Lo-Fi Heartache
Jan. 22 2010, Published 7:22 a.m. ET
Eels’ Mark Oliver Everett—a.k.a E—has always had a dark rain cloud hovering over his head like Eeyore, but this time he’s outdone himself with the break-out-the-Kleenex lyrical content.
Following up last year’s concept album, Hombre Lobo, and EP, Transmissions Session 2009, Everett rather prolifically releases another full-length album, suitably titled End Times. (“I felt guilty about the long gap between the last two albums,” he says, “so I’m making up for lost time.”)
End Times might be his darkest work to date, full of sad acoustic guitars and woe-is-me lyrical content that finds him missing his girl, questioning the meaning of life, longing for a mother, damning jaded people and hypothesizing about the end of the world. In one beautifully morose lyric, Everett sings of being “haunted by my better days.”
While Hombre Lobo was written from the point of view of a fictional character, End Times is all Everett.
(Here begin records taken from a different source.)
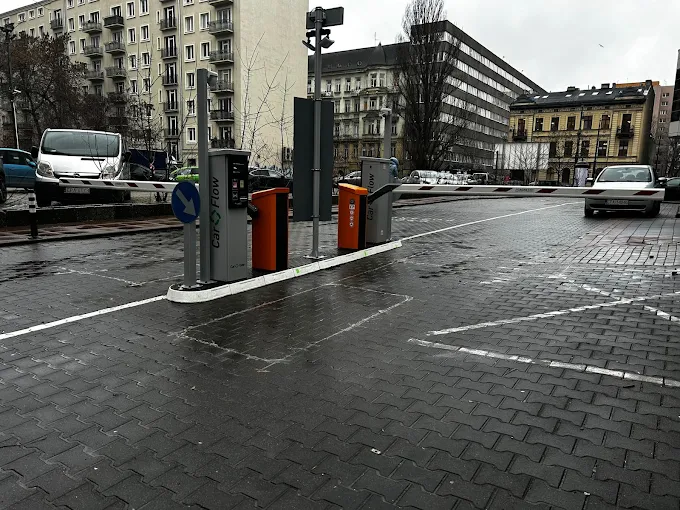 Parking Piotrkowska 182, Piotrkowska 182, Łódź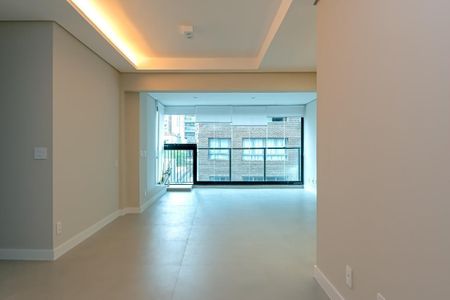 Apartamento à venda com 2 quartos, 74m² em Pinheiros, São Paulo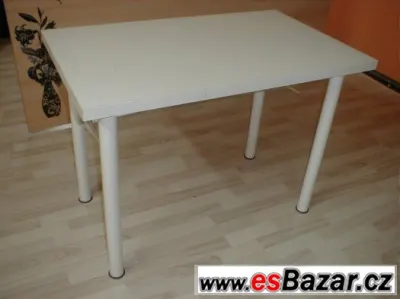 Jídelní stůl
Of course, like most artists, some of Everett’s best work has resulted from tragedy, like the death of his mother and sister, and on End Times it’s the loss of love.
Everett says the “end times” are the “state of the desperate times we live in” and refers to the album as a “divorce album,” though he hasn’t really elaborated on his situation much beyond that, outside of his songs. On “Little Bird” Everett sings: “So tell me this can’t be how it’s gonna end/Tell me my heart somehow dear god it’s gonna mend.”
Aside from the telling lyrics and moody instrumentation, the album features the sounds of pouring rain, a phone dialing and a busy signal. Recorded primarily on an old four-track tape machine in Everett’s Los Angeles basement, the album is raw lo-fi heartache at its best.